*What the task requires*
Beginning with the line containing "James Bond Gold" and ending with the line containing "An aged artwork", write out each line of the records below exactly; pictures and lines outside that range are left out.

Caption-style text data:
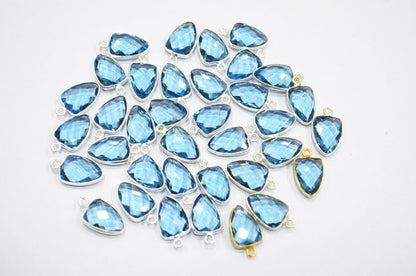 London Blue Color Hydro Glass Trillion Shape Connector , Sold By Piece , 10x13 mm , RB-5885A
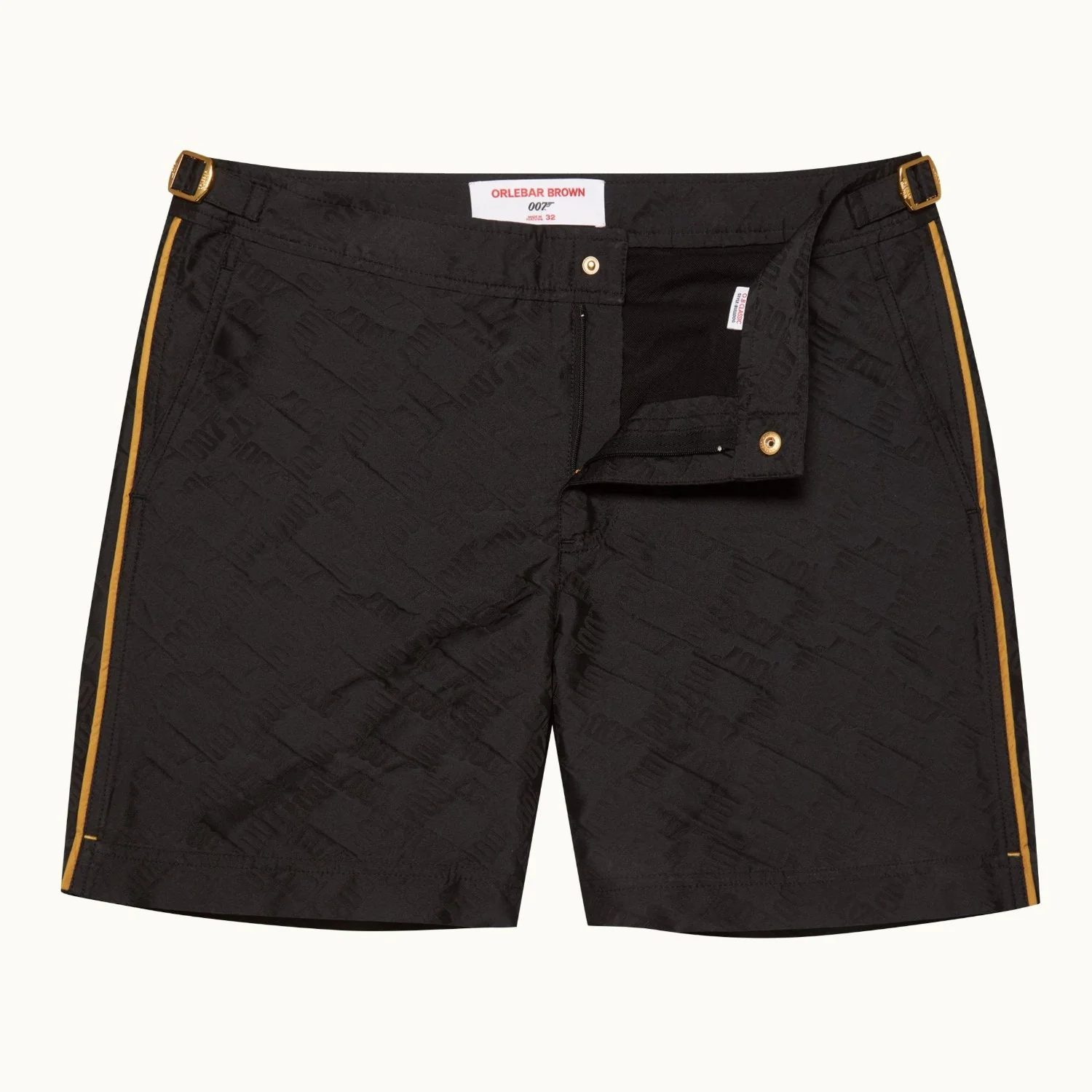 James Bond Gold Trim Jacquard Swim Shorts - By Orlebar Brown - Image 7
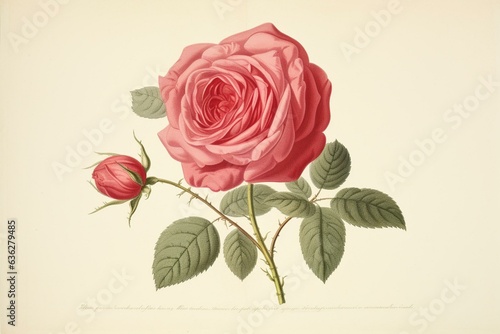 An aged artwork showcasing rosa damascena aurora, created by P. R. Redoute and published in Les Roses, Imp. Firmin Didot, Paris, 1817-24. Generative AI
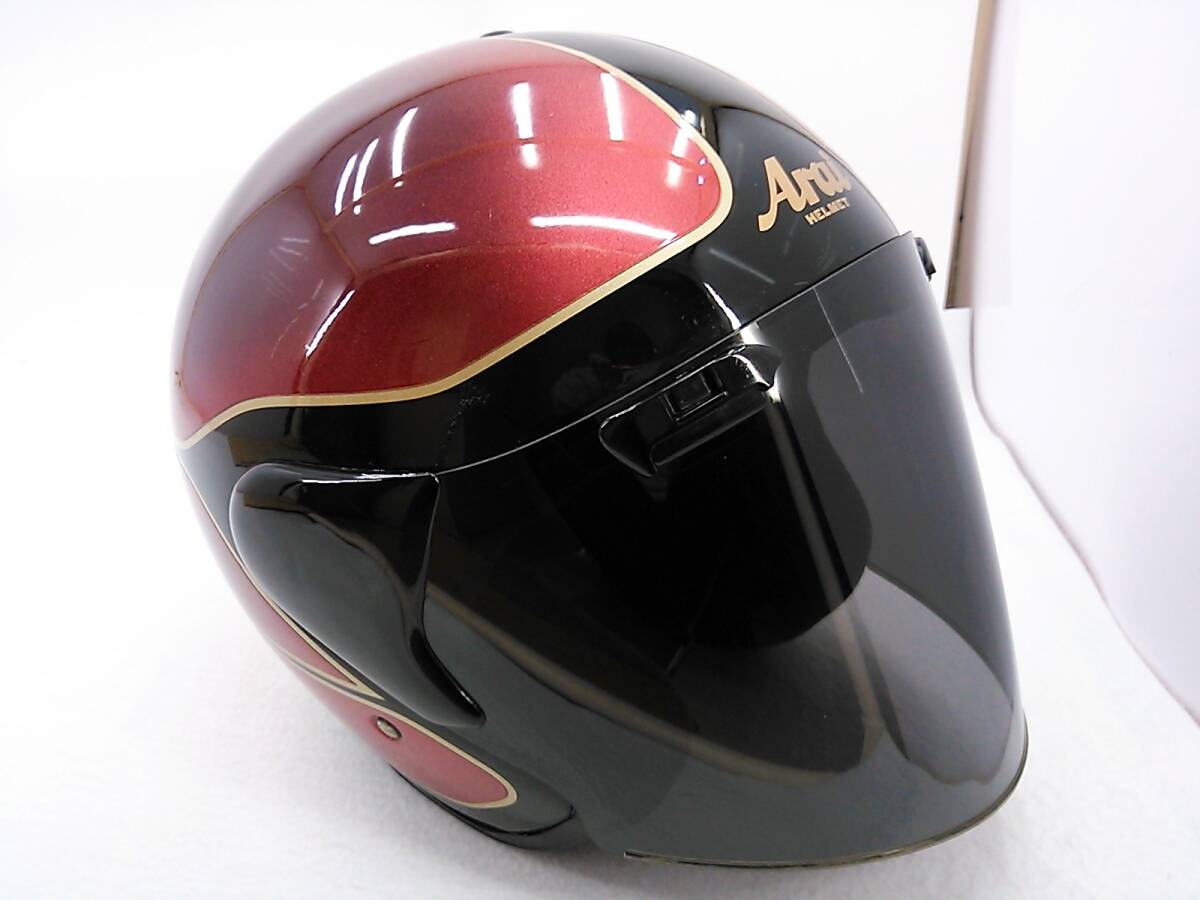 【送料無料】外装良品 Arai アライ SZ VINTAGE ビンテージ Mサイズ スモークシールド付き ジェットヘルメットの画像6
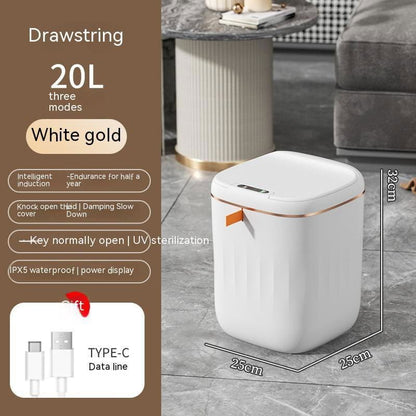 LovelyRLovely Smart Trash Can With Lid For Bedroom White gold / 20L LovelyRLovely Smart Trash Can With Lid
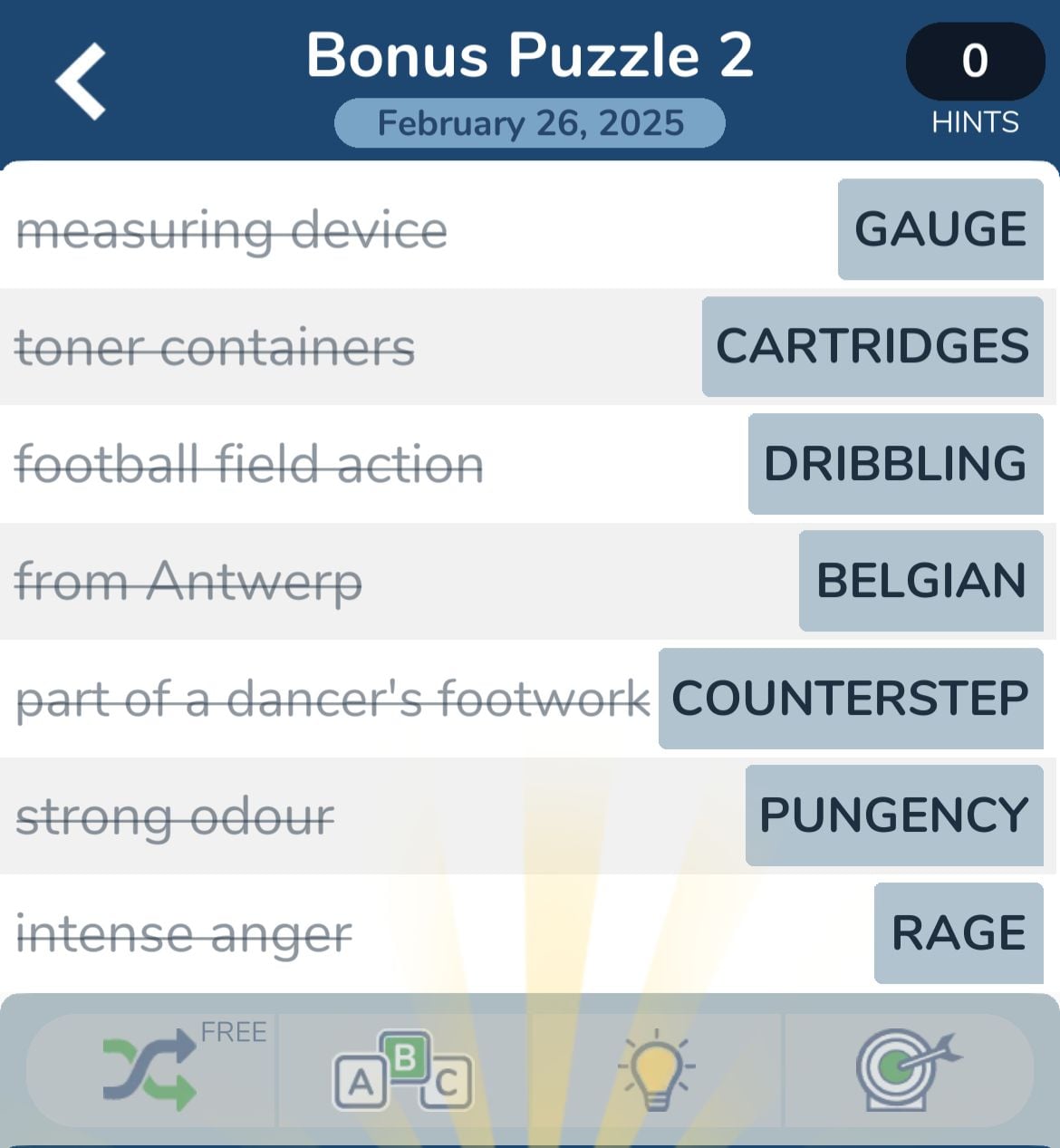Crossword puzzle with clues and answers for February 26, 2025.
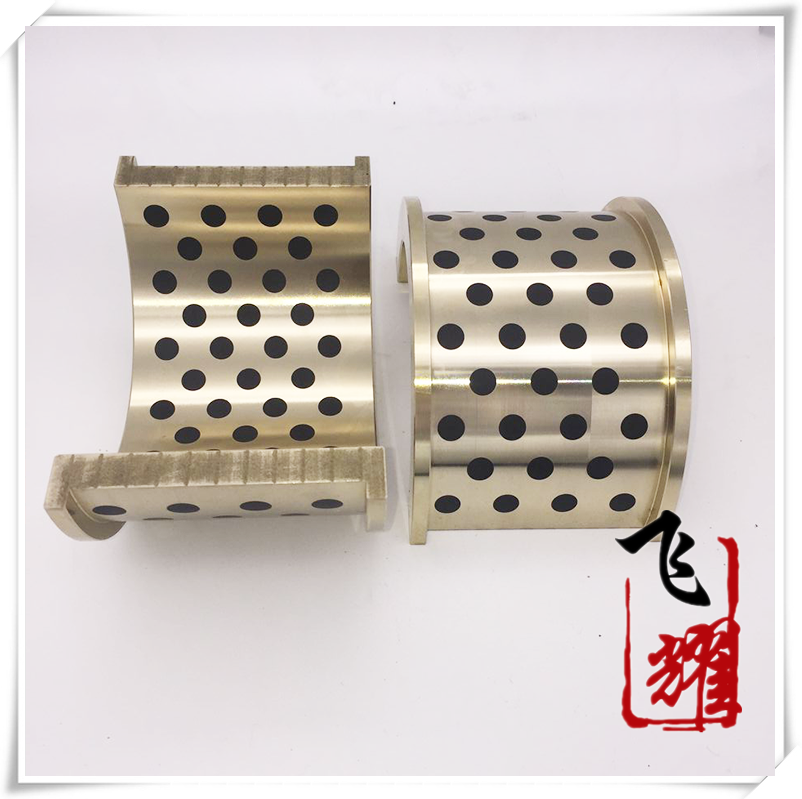 双法兰铜套无油轴承自润滑轴瓦石墨自润滑铜套轴瓦衬套加工 定做图片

*Task solution*
 James Bond Gold Trim Jacquard Swim Shorts - By Orlebar Brown - Image 7
 An aged artwork showcasing rosa damascena aurora, created by P. R. Redoute and published in Les Roses, Imp. Firmin Didot, Paris, 1817-24. Generative AI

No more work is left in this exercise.